Skip the pictures. Output only the lines below starting at the line with "Exploring English Countryside" and ending at the line with "Photo for: Quinta", both ends included, exactly as they are.
[Data extracts]
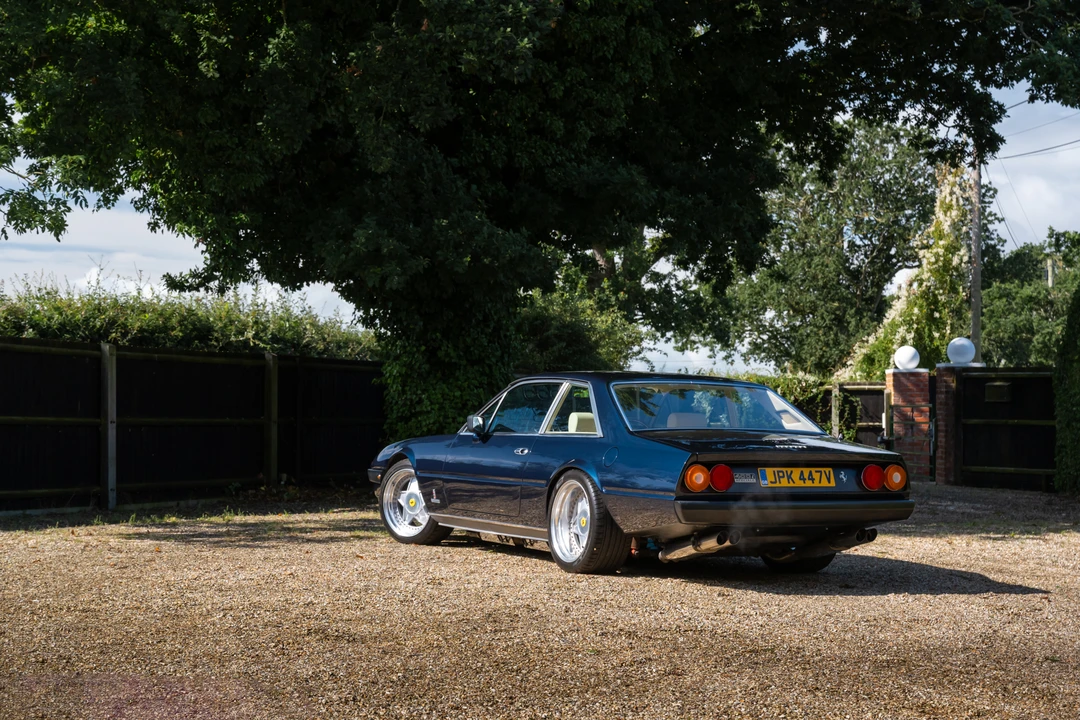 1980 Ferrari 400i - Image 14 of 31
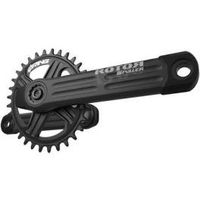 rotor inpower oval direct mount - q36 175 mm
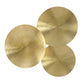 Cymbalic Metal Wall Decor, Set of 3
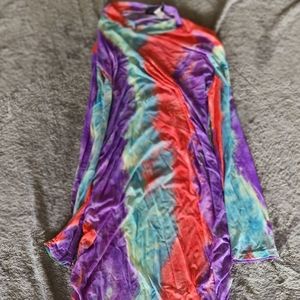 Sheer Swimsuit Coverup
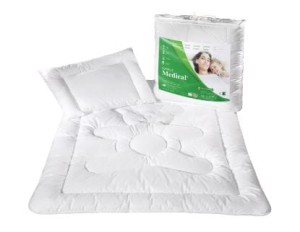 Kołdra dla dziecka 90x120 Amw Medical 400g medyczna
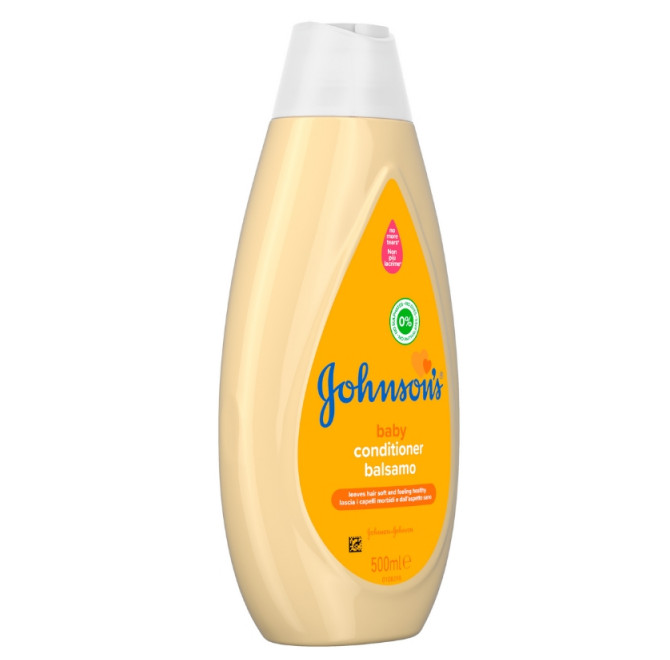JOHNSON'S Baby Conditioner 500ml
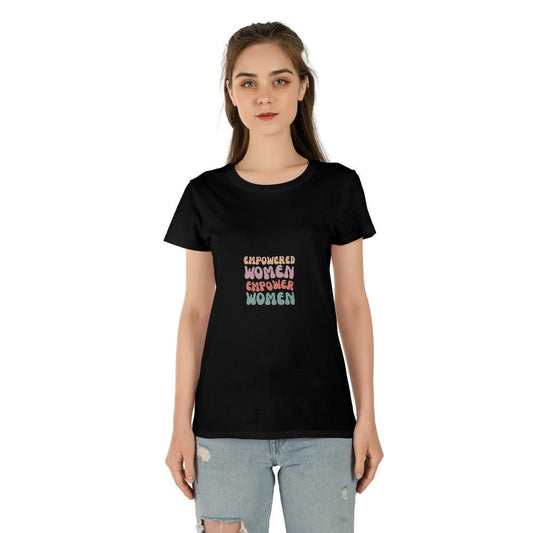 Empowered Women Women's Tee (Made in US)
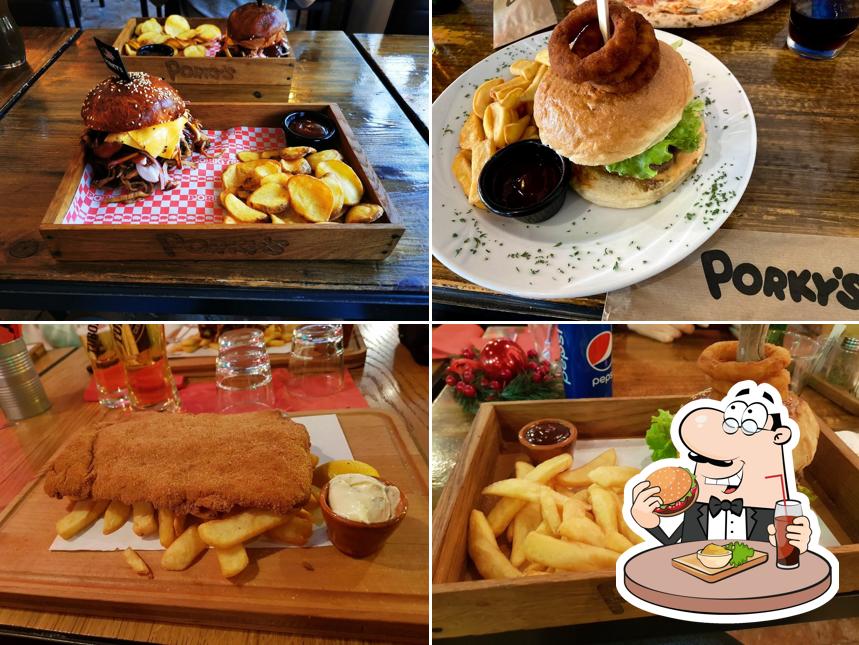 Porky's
[/Data extracts]
[Data extracts]
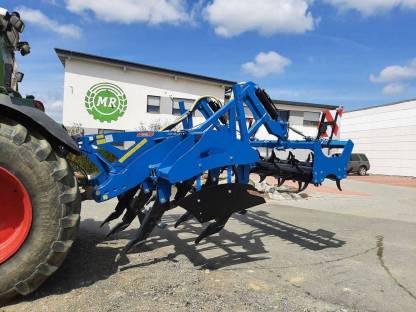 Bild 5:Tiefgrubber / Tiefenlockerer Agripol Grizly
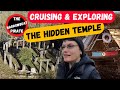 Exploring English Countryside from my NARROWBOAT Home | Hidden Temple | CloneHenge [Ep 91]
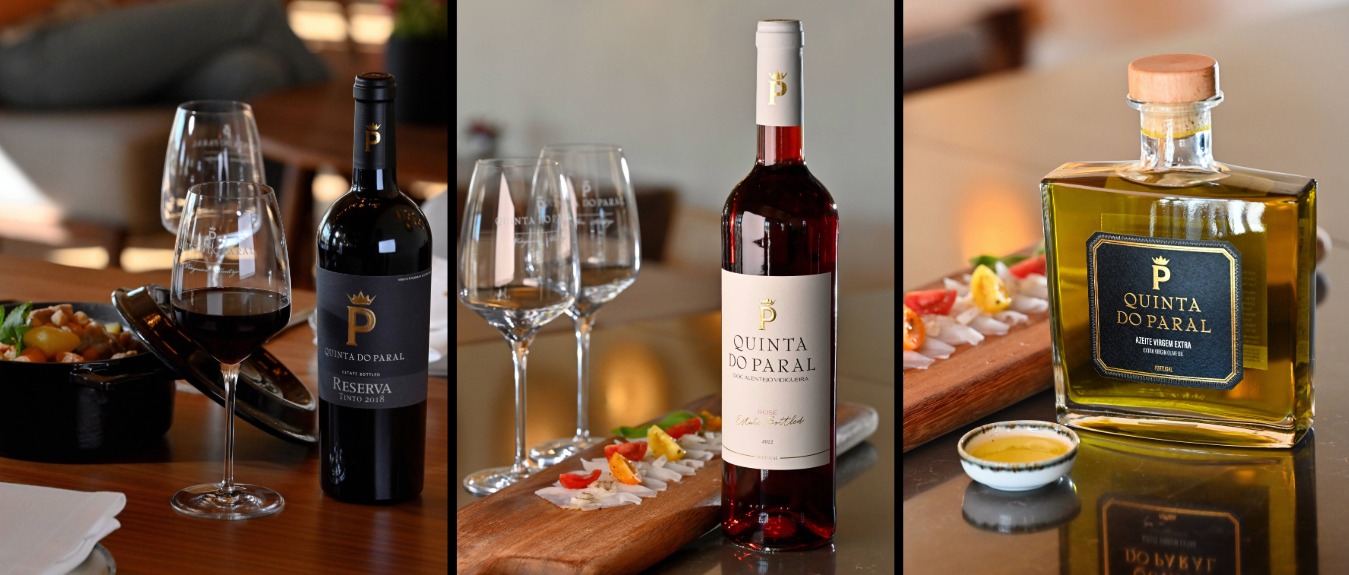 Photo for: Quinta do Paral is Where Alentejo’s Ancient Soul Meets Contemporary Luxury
[/Data extracts]
[Data extracts]
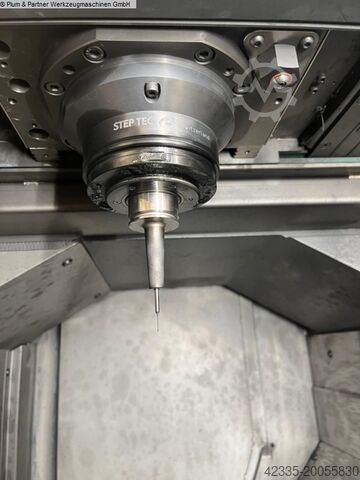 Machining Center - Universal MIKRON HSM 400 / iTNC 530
[/Data extracts]
▶ Response area:
 Exploring English Countryside from my NARROWBOAT Home | Hidden Temple | CloneHenge [Ep 91]
 Photo for: Quinta do Paral is Where Alentejo’s Ancient Soul Meets Contemporary Luxury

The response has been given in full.